Properties of an email:

  • Return Path. While in transit, emails have a return-path address. If the email cannot be delivered to its destination, it would be returned to this address. It would typically be the address of the email service provider handling the sendout. Machines reply to this address. Think of this as the sender address that you would put on the back of an envelope on a “real” letter.
  • From address. This is the visible from address on the email. This is the address that people can reply to once they received it. Think of this as the sender information you would have on your letterhead. Just as in real life you could write just about any address here to make it look good or even to trick people.
  • The body is the actual content of the email analog to the text on a letter.
  • The sending server is the service that delivers the email you wrote.

Now, if you receive a letter from an email service with one name, with an unknown address on the envelope, and your trusted sender’s address on the letter inside… how do you really know it is to be trusted? Tricky right? And that is why many legit emails never make it to the inbox of the recipient.
Luckily there are solutions in place to make the recipients know for sure that your emails are to be trusted.

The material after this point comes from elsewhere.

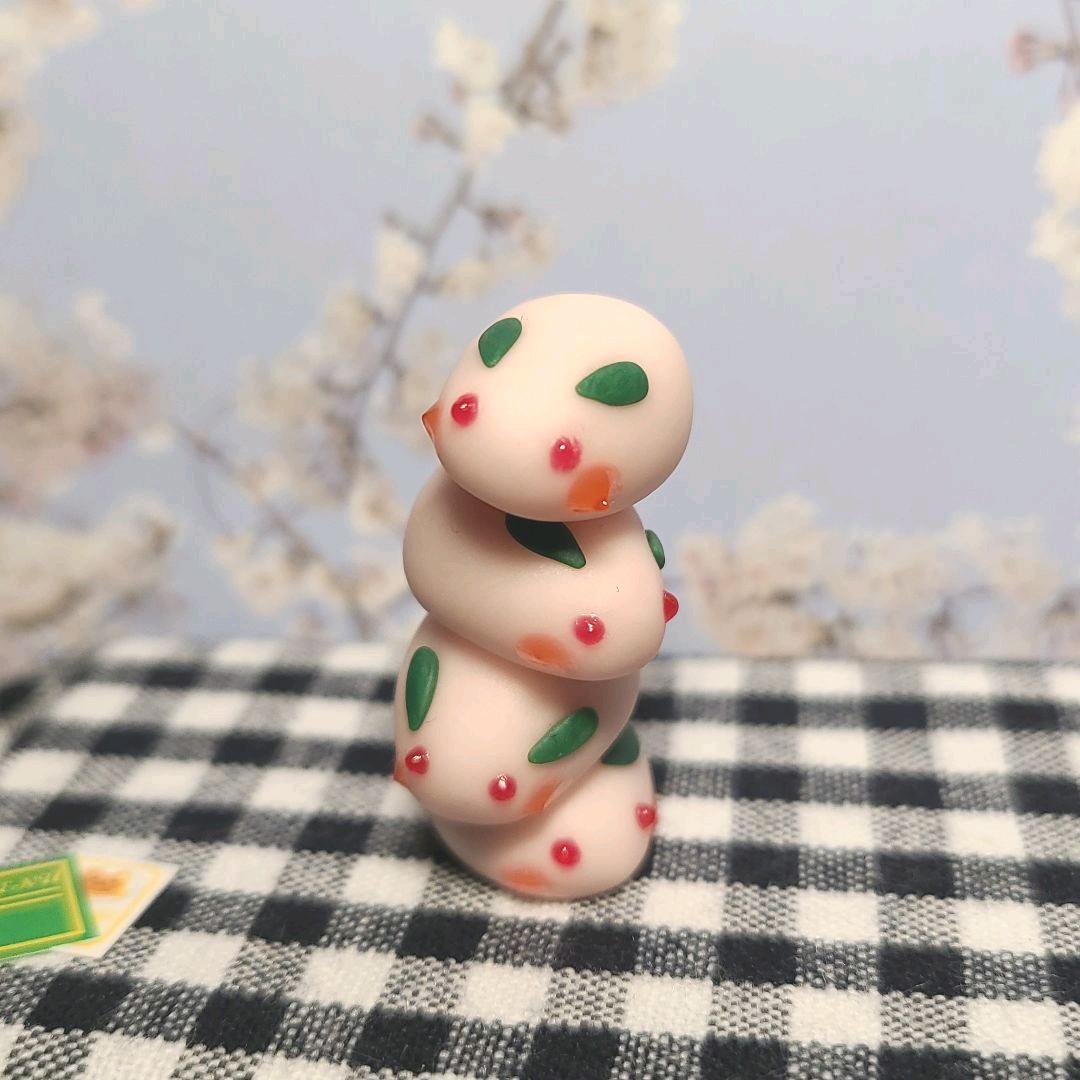 レア難あり　北海道うさぎキティ　雪だるま　ピンク Yahoo!オークション -「北海道限定 キティ 雪うさぎ」の落札相場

  • SPF (Sender Policy Framework)- Certifies that the delivery service is on the list of allowed servers to send emails with the given “return path” on the envelope. This is enabled for all eMarketeer customers by default.
  • DKIM (DomainKeys Identified Mails) – Authenticates that the from address on the letter is correct and valid and that the body (the content) has not been changed.
  • DMARC (Domain-based Message Authentication, Reporting and Conformance)- Lets you define your policy on how the above two (SPF and DKIM) should be used, and allows recipients to report back any violations. For instance, you can prevent any other servers than the defined ones to deliver emails in your name thus preventing fraud and phishing.